[DATA EXCERPTS — start]

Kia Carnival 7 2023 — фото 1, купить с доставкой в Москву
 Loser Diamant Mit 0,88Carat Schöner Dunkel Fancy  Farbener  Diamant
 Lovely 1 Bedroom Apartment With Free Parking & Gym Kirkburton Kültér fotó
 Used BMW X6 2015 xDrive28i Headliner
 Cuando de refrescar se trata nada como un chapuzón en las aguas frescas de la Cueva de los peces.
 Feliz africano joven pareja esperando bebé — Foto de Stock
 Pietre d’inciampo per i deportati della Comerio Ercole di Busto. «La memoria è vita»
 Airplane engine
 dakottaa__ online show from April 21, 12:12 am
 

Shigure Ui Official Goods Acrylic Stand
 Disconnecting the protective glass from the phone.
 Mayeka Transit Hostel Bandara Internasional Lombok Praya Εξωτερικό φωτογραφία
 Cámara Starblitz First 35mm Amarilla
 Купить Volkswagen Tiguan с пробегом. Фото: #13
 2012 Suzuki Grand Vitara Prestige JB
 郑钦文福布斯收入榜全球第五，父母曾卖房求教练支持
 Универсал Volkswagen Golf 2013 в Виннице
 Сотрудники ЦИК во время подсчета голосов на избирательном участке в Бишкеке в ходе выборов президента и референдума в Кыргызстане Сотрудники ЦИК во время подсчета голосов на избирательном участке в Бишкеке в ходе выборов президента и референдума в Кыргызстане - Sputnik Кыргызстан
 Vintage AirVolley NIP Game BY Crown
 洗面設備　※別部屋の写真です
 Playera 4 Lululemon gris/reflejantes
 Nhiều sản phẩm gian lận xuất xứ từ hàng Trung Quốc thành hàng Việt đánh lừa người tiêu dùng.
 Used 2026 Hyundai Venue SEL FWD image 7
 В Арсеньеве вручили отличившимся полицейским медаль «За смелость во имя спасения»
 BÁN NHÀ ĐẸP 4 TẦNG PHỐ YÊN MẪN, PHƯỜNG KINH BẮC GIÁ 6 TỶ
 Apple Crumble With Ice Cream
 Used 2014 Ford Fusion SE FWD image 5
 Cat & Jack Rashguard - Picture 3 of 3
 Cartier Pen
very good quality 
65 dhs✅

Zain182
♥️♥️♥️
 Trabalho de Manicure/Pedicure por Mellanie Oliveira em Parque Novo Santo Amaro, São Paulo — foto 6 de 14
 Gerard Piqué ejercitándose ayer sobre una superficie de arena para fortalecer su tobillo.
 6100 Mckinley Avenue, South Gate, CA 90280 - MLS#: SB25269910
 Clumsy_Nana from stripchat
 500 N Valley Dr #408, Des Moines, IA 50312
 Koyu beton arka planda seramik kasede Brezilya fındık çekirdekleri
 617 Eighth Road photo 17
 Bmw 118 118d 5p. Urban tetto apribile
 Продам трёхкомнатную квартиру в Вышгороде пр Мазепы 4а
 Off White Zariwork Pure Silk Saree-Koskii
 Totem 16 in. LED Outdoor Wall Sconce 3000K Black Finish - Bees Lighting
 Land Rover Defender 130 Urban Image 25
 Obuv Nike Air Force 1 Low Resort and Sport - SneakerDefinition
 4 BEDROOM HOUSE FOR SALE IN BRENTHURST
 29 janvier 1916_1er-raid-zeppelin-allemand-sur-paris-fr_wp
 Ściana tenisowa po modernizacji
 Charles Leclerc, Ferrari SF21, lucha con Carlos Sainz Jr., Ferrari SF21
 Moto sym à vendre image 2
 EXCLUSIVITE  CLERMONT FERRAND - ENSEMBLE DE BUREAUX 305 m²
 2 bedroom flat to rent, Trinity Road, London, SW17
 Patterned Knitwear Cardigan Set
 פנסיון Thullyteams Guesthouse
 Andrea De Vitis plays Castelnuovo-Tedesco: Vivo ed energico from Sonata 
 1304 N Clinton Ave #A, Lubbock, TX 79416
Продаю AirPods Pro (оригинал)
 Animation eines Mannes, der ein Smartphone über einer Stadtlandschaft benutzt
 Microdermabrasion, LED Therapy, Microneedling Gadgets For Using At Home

[DATA EXCERPTS — finish]

> THE TASK:
Your answer must be one number: how many lines of the entries hold the string "Volkswagen".

> EXERCISE ANSWER:
2